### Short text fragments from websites
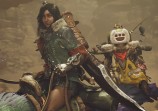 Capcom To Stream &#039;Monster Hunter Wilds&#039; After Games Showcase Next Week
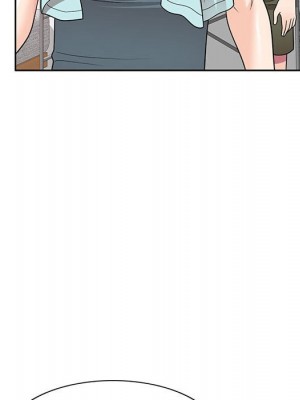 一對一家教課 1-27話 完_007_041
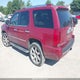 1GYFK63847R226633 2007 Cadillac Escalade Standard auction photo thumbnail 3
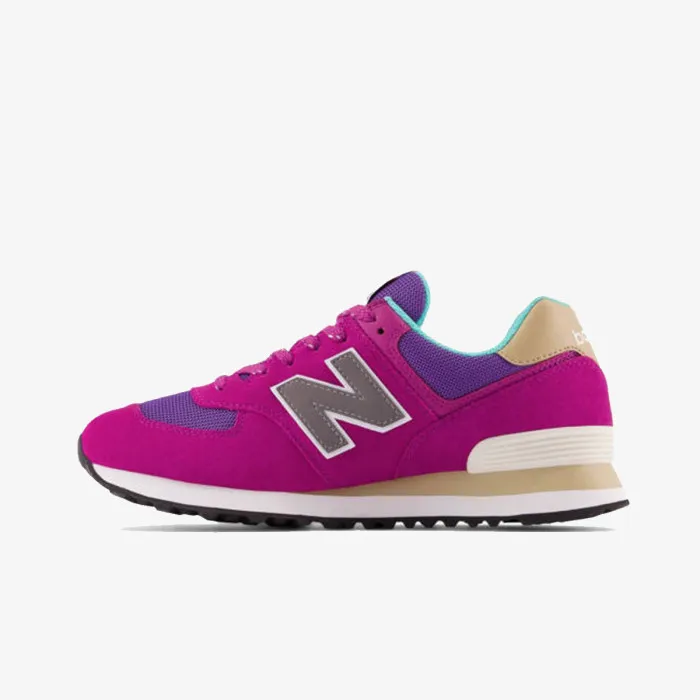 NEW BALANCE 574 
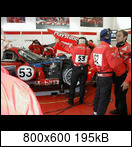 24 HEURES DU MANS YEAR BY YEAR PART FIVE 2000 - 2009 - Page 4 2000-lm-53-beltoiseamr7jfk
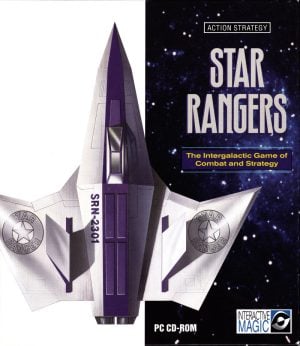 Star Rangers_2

### ASSIGNMENT
Excluding the pictures, restate the records above word for word.

### RESULT OF THE TASK
 Capcom To Stream &#039;Monster Hunter Wilds&#039; After Games Showcase Next Week
 一對一家教課 1-27話 完_007_041
 1GYFK63847R226633 2007 Cadillac Escalade Standard auction photo thumbnail 3
 NEW BALANCE 574 
 24 HEURES DU MANS YEAR BY YEAR PART FIVE 2000 - 2009 - Page 4 2000-lm-53-beltoiseamr7jfk
 Star Rangers_2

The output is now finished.